# Exercise
Until the last line is reached, keep transcribing the material exactly.

== Segment start ==

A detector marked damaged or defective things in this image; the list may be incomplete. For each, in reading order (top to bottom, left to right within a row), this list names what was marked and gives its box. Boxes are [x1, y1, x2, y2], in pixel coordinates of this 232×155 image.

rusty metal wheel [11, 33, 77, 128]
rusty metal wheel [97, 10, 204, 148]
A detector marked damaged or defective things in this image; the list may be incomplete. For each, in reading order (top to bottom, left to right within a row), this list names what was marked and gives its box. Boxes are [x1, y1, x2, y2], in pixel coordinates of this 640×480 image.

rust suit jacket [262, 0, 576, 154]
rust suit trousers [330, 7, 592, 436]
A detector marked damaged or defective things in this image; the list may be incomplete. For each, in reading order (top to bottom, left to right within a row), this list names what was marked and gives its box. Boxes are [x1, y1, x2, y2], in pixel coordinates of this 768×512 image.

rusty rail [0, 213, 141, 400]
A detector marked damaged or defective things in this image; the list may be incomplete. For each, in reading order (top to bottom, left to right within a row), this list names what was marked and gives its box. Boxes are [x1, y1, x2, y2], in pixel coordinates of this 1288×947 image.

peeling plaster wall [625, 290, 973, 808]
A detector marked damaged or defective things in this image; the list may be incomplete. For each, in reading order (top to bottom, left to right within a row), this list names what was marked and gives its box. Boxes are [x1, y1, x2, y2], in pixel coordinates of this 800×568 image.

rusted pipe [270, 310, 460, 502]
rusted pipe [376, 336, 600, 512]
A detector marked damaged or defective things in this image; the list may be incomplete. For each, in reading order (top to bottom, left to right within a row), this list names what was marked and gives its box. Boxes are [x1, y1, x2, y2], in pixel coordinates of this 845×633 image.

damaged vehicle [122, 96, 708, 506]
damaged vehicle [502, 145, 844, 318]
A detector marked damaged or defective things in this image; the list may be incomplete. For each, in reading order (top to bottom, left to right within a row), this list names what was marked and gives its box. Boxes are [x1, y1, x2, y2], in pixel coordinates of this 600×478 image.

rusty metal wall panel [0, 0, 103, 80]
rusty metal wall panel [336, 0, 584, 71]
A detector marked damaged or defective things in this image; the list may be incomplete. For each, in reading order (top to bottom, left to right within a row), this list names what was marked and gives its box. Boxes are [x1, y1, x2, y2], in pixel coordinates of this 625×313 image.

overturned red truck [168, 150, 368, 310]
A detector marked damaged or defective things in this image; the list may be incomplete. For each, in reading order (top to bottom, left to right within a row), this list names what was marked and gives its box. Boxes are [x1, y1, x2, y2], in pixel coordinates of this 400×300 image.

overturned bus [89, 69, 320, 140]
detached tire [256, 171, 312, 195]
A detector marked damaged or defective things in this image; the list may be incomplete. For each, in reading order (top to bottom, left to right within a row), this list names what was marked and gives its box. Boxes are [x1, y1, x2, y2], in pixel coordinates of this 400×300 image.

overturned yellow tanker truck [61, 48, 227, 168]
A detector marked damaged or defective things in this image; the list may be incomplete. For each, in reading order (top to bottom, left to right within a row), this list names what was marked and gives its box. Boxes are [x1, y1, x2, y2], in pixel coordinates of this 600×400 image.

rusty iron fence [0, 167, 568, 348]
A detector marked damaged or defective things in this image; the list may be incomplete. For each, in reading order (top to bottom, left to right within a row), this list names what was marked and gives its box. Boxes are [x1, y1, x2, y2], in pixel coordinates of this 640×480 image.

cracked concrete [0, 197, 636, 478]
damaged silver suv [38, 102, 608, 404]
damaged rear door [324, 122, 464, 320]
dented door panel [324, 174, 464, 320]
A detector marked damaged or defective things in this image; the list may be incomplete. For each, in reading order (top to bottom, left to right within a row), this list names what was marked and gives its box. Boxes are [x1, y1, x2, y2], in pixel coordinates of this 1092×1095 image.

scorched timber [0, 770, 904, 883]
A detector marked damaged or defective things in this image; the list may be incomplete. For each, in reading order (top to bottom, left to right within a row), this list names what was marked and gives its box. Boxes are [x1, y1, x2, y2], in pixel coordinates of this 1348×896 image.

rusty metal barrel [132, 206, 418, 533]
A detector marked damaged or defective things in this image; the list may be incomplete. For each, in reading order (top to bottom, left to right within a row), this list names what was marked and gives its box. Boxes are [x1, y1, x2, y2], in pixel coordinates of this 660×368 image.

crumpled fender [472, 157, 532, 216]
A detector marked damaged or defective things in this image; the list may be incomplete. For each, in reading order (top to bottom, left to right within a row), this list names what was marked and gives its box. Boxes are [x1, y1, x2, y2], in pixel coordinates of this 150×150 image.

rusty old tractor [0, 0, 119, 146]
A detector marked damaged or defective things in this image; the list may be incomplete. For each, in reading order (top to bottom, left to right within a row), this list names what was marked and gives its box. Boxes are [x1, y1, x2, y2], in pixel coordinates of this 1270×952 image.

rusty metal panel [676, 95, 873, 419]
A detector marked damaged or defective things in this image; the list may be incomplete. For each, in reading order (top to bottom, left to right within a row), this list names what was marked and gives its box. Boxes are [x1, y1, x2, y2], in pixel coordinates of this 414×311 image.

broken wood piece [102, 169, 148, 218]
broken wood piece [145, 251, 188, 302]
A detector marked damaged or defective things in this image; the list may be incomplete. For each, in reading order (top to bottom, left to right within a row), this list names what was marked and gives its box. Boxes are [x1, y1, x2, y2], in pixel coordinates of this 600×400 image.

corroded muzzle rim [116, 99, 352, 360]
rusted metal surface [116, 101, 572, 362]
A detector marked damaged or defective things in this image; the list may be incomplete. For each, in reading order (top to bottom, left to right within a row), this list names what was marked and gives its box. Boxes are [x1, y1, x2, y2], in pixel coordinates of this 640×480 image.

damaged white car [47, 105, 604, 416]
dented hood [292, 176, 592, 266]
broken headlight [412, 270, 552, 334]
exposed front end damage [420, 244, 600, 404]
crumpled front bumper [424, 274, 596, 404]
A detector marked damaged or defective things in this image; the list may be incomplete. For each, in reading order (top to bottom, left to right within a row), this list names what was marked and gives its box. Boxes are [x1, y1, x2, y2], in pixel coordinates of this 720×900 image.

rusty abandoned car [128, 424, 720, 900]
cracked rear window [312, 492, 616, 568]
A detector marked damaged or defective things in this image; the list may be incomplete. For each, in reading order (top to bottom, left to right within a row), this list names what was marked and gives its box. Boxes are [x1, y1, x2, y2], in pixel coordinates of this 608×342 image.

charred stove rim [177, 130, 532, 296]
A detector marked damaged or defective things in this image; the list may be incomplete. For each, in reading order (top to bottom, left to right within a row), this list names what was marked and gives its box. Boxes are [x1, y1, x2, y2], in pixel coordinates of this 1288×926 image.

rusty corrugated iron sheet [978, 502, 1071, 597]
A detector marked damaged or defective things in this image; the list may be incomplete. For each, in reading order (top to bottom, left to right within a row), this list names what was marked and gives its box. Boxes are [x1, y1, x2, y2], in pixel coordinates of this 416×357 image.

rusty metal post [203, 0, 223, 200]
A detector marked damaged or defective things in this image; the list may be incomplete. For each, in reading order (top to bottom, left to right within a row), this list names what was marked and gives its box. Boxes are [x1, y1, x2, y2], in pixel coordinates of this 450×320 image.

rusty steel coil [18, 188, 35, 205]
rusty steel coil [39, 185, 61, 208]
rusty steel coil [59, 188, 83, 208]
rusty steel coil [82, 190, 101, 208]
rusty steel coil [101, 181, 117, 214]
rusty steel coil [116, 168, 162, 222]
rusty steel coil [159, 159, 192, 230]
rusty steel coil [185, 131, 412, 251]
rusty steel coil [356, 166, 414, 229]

== Segment end ==

# Worked solution
A detector marked damaged or defective things in this image; the list may be incomplete. For each, in reading order (top to bottom, left to right within a row), this list names what was marked and gives its box. Boxes are [x1, y1, x2, y2], in pixel coordinates of this 232×155 image.

rusty metal wheel [11, 33, 77, 128]
rusty metal wheel [97, 10, 204, 148]
A detector marked damaged or defective things in this image; the list may be incomplete. For each, in reading order (top to bottom, left to right within a row), this list names what was marked and gives its box. Boxes are [x1, y1, x2, y2], in pixel coordinates of this 640×480 image.

rust suit jacket [262, 0, 576, 154]
rust suit trousers [330, 7, 592, 436]
A detector marked damaged or defective things in this image; the list may be incomplete. For each, in reading order (top to bottom, left to right within a row), this list names what was marked and gives its box. Boxes are [x1, y1, x2, y2], in pixel coordinates of this 768×512 image.

rusty rail [0, 213, 141, 400]
A detector marked damaged or defective things in this image; the list may be incomplete. For each, in reading order (top to bottom, left to right within a row), this list names what was marked and gives its box. Boxes are [x1, y1, x2, y2], in pixel coordinates of this 1288×947 image.

peeling plaster wall [625, 290, 973, 808]
A detector marked damaged or defective things in this image; the list may be incomplete. For each, in reading order (top to bottom, left to right within a row), this list names what was marked and gives its box. Boxes are [x1, y1, x2, y2], in pixel coordinates of this 800×568 image.

rusted pipe [270, 310, 460, 502]
rusted pipe [376, 336, 600, 512]
A detector marked damaged or defective things in this image; the list may be incomplete. For each, in reading order (top to bottom, left to right within a row), this list names what was marked and gives its box. Boxes are [x1, y1, x2, y2], in pixel coordinates of this 845×633 image.

damaged vehicle [122, 96, 708, 506]
damaged vehicle [502, 145, 844, 318]
A detector marked damaged or defective things in this image; the list may be incomplete. For each, in reading order (top to bottom, left to right within a row), this list names what was marked and gives its box. Boxes are [x1, y1, x2, y2], in pixel coordinates of this 600×478 image.

rusty metal wall panel [0, 0, 103, 80]
rusty metal wall panel [336, 0, 584, 71]
A detector marked damaged or defective things in this image; the list may be incomplete. For each, in reading order (top to bottom, left to right within a row), this list names what was marked and gives its box. Boxes are [x1, y1, x2, y2], in pixel coordinates of this 625×313 image.

overturned red truck [168, 150, 368, 310]
A detector marked damaged or defective things in this image; the list may be incomplete. For each, in reading order (top to bottom, left to right within a row), this list names what was marked and gives its box. Boxes are [x1, y1, x2, y2], in pixel coordinates of this 400×300 image.

overturned bus [89, 69, 320, 140]
detached tire [256, 171, 312, 195]
A detector marked damaged or defective things in this image; the list may be incomplete. For each, in reading order (top to bottom, left to right within a row), this list names what was marked and gives its box. Boxes are [x1, y1, x2, y2], in pixel coordinates of this 400×300 image.

overturned yellow tanker truck [61, 48, 227, 168]
A detector marked damaged or defective things in this image; the list may be incomplete. For each, in reading order (top to bottom, left to right within a row), this list names what was marked and gives its box. Boxes are [x1, y1, x2, y2], in pixel coordinates of this 600×400 image.

rusty iron fence [0, 167, 568, 348]
A detector marked damaged or defective things in this image; the list may be incomplete. For each, in reading order (top to bottom, left to right within a row), this list names what was marked and gives its box. Boxes are [x1, y1, x2, y2], in pixel coordinates of this 640×480 image.

cracked concrete [0, 197, 636, 478]
damaged silver suv [38, 102, 608, 404]
damaged rear door [324, 122, 464, 320]
dented door panel [324, 174, 464, 320]
A detector marked damaged or defective things in this image; the list may be incomplete. For each, in reading order (top to bottom, left to right within a row), this list names what was marked and gives its box. Boxes are [x1, y1, x2, y2], in pixel coordinates of this 1092×1095 image.

scorched timber [0, 770, 904, 883]
A detector marked damaged or defective things in this image; the list may be incomplete. For each, in reading order (top to bottom, left to right within a row), this list names what was marked and gives its box. Boxes are [x1, y1, x2, y2], in pixel coordinates of this 1348×896 image.

rusty metal barrel [132, 206, 418, 533]
A detector marked damaged or defective things in this image; the list may be incomplete. For each, in reading order (top to bottom, left to right within a row), this list names what was marked and gives its box. Boxes are [x1, y1, x2, y2], in pixel coordinates of this 660×368 image.

crumpled fender [472, 157, 532, 216]
A detector marked damaged or defective things in this image; the list may be incomplete. For each, in reading order (top to bottom, left to right within a row), this list names what was marked and gives its box. Boxes are [x1, y1, x2, y2], in pixel coordinates of this 150×150 image.

rusty old tractor [0, 0, 119, 146]
A detector marked damaged or defective things in this image; the list may be incomplete. For each, in reading order (top to bottom, left to right within a row), this list names what was marked and gives its box. Boxes are [x1, y1, x2, y2], in pixel coordinates of this 1270×952 image.

rusty metal panel [676, 95, 873, 419]
A detector marked damaged or defective things in this image; the list may be incomplete. For each, in reading order (top to bottom, left to right within a row), this list names what was marked and gives its box. Boxes are [x1, y1, x2, y2], in pixel coordinates of this 414×311 image.

broken wood piece [102, 169, 148, 218]
broken wood piece [145, 251, 188, 302]
A detector marked damaged or defective things in this image; the list may be incomplete. For each, in reading order (top to bottom, left to right within a row), this list names what was marked and gives its box. Boxes are [x1, y1, x2, y2], in pixel coordinates of this 600×400 image.

corroded muzzle rim [116, 99, 352, 360]
rusted metal surface [116, 101, 572, 362]
A detector marked damaged or defective things in this image; the list may be incomplete. For each, in reading order (top to bottom, left to right within a row), this list names what was marked and gives its box. Boxes are [x1, y1, x2, y2], in pixel coordinates of this 640×480 image.

damaged white car [47, 105, 604, 416]
dented hood [292, 176, 592, 266]
broken headlight [412, 270, 552, 334]
exposed front end damage [420, 244, 600, 404]
crumpled front bumper [424, 274, 596, 404]
A detector marked damaged or defective things in this image; the list may be incomplete. For each, in reading order (top to bottom, left to right within a row), this list names what was marked and gives its box. Boxes are [x1, y1, x2, y2], in pixel coordinates of this 720×900 image.

rusty abandoned car [128, 424, 720, 900]
cracked rear window [312, 492, 616, 568]
A detector marked damaged or defective things in this image; the list may be incomplete. For each, in reading order (top to bottom, left to right within a row), this list names what was marked and gives its box. Boxes are [x1, y1, x2, y2], in pixel coordinates of this 608×342 image.

charred stove rim [177, 130, 532, 296]
A detector marked damaged or defective things in this image; the list may be incomplete. For each, in reading order (top to bottom, left to right within a row), this list names what was marked and gives its box. Boxes are [x1, y1, x2, y2], in pixel coordinates of this 1288×926 image.

rusty corrugated iron sheet [978, 502, 1071, 597]
A detector marked damaged or defective things in this image; the list may be incomplete. For each, in reading order (top to bottom, left to right within a row), this list names what was marked and gives its box. Boxes are [x1, y1, x2, y2], in pixel coordinates of this 416×357 image.

rusty metal post [203, 0, 223, 200]
A detector marked damaged or defective things in this image; the list may be incomplete. For each, in reading order (top to bottom, left to right within a row), this list names what was marked and gives its box. Boxes are [x1, y1, x2, y2], in pixel coordinates of this 450×320 image.

rusty steel coil [18, 188, 35, 205]
rusty steel coil [39, 185, 61, 208]
rusty steel coil [59, 188, 83, 208]
rusty steel coil [82, 190, 101, 208]
rusty steel coil [101, 181, 117, 214]
rusty steel coil [116, 168, 162, 222]
rusty steel coil [159, 159, 192, 230]
rusty steel coil [185, 131, 412, 251]
rusty steel coil [356, 166, 414, 229]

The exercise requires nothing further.